After holding a conference with Julia, the two girls sent out notices to their respective classes that a grand reunion of the two classes would take place on the next Saturday afternoon at one o'clock, at the old Omnibus House, providing the weather permitted. A tax of twenty-five cents apiece was levied on the members of both classes. "Please pay your money promptly to the treasurer of your class," ended the notices, "if you wish to have plenty to eat. Important rites and ceremonies will be observed. You will be sorry if you stay away, as an interesting program is promised. Please keep this notice a secret."
"The field back of the Omnibus House is an ideal place for the burial," Julia told Grace. "It was there that the 'Black Monks of Asia' held their revel and were unmasked by the freshmen. Besides, it's quiet and we shan't be disturbed."
Grace agreed with her, and the two girls outlined the proceedings with many a chuckle.
The junior and sophomore classes had been requested to go directly to the Omnibus House.
"It would be great to have both classes march out there, but we should have the whole of Oakdale marching with us before we arrived at the sacred spot," observed Grace, with a giggle.
"If we don't have a lot of freshmen to suppress it will be surprising. I do hope the girls haven't told anyone," Julia answered. "By the way, we have a hatchet at home that will be just the thing to bury. It is more like a battle-ax than anything else, and looks formidable enough to represent the feeling that the juniors and sophomores are about to bury. Now, Grace, you must prepare a speech, for we ought to have representative remarks from both classes. Then Anne Pierson must recite 'The Bridge of Sighs,' after I have made it over to suit the occasion. We'll have to have some pallbearers. Three girls from each class will do."
Julia planned rapidly and well. Grace listened attentively. The junior captain had remarkable energy. It was easy to see why Julia had always headed her class. Julia in turn, was equally impressed with Grace's ability. A mutual admiration society bade fair to spring up between the two, so recently at swords' points.

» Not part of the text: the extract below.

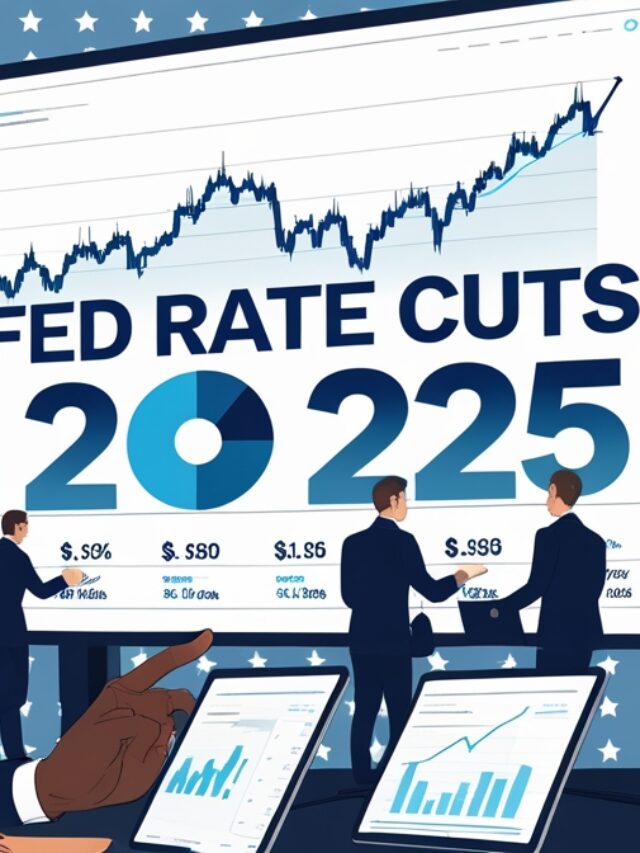 Fed Rate Cuts 2025: What the Latest Decision Means for Jobs, Inflation & Agile Investors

On Saturday the weather left nothing to be desired. It seemed like a day in late spring, although it was in reality early March. At one o'clock precisely the two classes, with the exception of one member, assembled. Julia Crosby acting as master of ceremonies, formed the classes in two lines, and marched them to the middle of the field. Here, to their complete mystification, they saw a large hole about four feet in depth had been dug.
"Who on earth dug that hole, and what is it for?" inquired a curious sophomore.
"Hush!" said Julia Crosby reverently. "That is a grave. Be patient. Curb your rising curiosity. Soon you shall know all."
"Assistant Master Harlowe, will you arrange the esteemed spectators, so that the ceremony may proceed?"
Grace stepped forward and solemnly requested the girls to form a double line on each side of the opening. The shorter girls were placed in the front rows.
"The sophomores will now sing their class song," directed the master of ceremonies.
When the sophomores had finished, the juniors applauded vigorously. The juniors' song was next in order and the sophomores graciously returned the applause.
"I will now request the worthy junior members Olive Craig, Anne Green and Elsie Todd, to advance. Honorable Assistant Master Harlowe, will you name your trusted followers?"
Grace named Nora, Jessica and Marian Barber who came to her side with alacrity.